Bhatia Upasna, Soni Premal, Khilji Udit, Trivedi Yamini N
Department of Anaesthesia, AMC MET Medical College and LG Hospital, Ahmedabad, Gujarat, India.
Department of Obstetrics and Gynecology, AMC MET Medical College and LG Hospital, Ahmedabad, Gujarat, India.
Anesth Essays Res. 2017 Jul-Sep;11(3):651-655. doi: 10.4103/0259-1162.204204.
Epidural labor analgesia has not been fully accepted despite many advantages. Many times, the pregnant females reach hospital without antenatal checkup, and at that time, "episiotomy infiltration" becomes an ideal method for vaginal delivery. One of the most important problems after episiotomy is the severe perineal pain on the 1 day of postpartum period.

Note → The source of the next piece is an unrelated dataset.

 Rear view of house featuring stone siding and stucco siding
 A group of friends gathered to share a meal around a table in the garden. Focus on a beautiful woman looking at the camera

We compared the efficacy of clonidine 1 μg/kg as an adjuvant to 20 mg/ml lignocaine infiltration along the line of episiotomy incision for prolonging the duration and quality of analgesia with respect to various activities by single injection.
Majority of the patients, 94.2% in our study, had no idea about labor analgesia, and only 2.5% of all the patients expressed their interest to deliver without suffering from labor pains. One hundred and twenty pregnant female patients scheduled for full-term vaginal delivery were assigned into lignocaine and lignocaine-clonidine group according to infiltration they received. Pain scoring using visual analog scale and maternal satisfaction scale was monitored. At the end of the research project, the data were compiled and analyzed using appropriate statistical tests.
Duration of analgesia after episiotomy during sitting, walking, and squatting was 22.7 ± 1.32, 21.73 ± 1.47, and 19.875 ± 1.48 h in clonidine + lignocaine group and 6.06 ± 1.26, 5.33 ± 1.18, and 4.01 ± 1.28 h in lignocaine only group, respectively, which was highly statistically significant < 0001.
Clonidine when added to 2% lignocaine infiltration in episiotomy improves the quality and significantly enhances the duration of analgesia.
尽管硬膜外分娩镇痛有诸多优点,但尚未被完全接受。很多时候,孕妇未进行产前检查就到了医院,此时,“会阴切开浸润麻醉”成为阴道分娩的理想方法。会阴切开术后最重要的问题之一是产后第1天会阴部剧痛。
我们比较了1μg/kg可乐定作为辅助药物加入20mg/ml利多卡因沿会阴切开切口浸润麻醉,通过单次注射在不同活动中延长镇痛持续时间和提高镇痛质量的效果。
在我们的研究中,大多数患者(94.2%)对分娩镇痛一无所知,所有患者中只有2.5%表示希望在无分娩疼痛的情况下分娩。120例计划进行足月阴道分娩的孕妇根据所接受的浸润麻醉被分为利多卡因组和利多卡因-可乐定组。采用视觉模拟评分法进行疼痛评分,并监测产妇满意度。在研究项目结束时,使用适当的统计检验对数据进行汇总和分析。
可乐定+利多卡因组在坐、行走和蹲时会阴切开术后的镇痛持续时间分别为22.7±1.32、21.73±1.47和19.875±1.48小时,仅利多卡因组分别为6.06±1.26、5.33±1.18和4.01±1.28小时,差异具有高度统计学意义(P<0.001)。
在会阴切开术中,可乐定加入2%利多卡因浸润麻醉可提高镇痛质量并显著延长镇痛持续时间。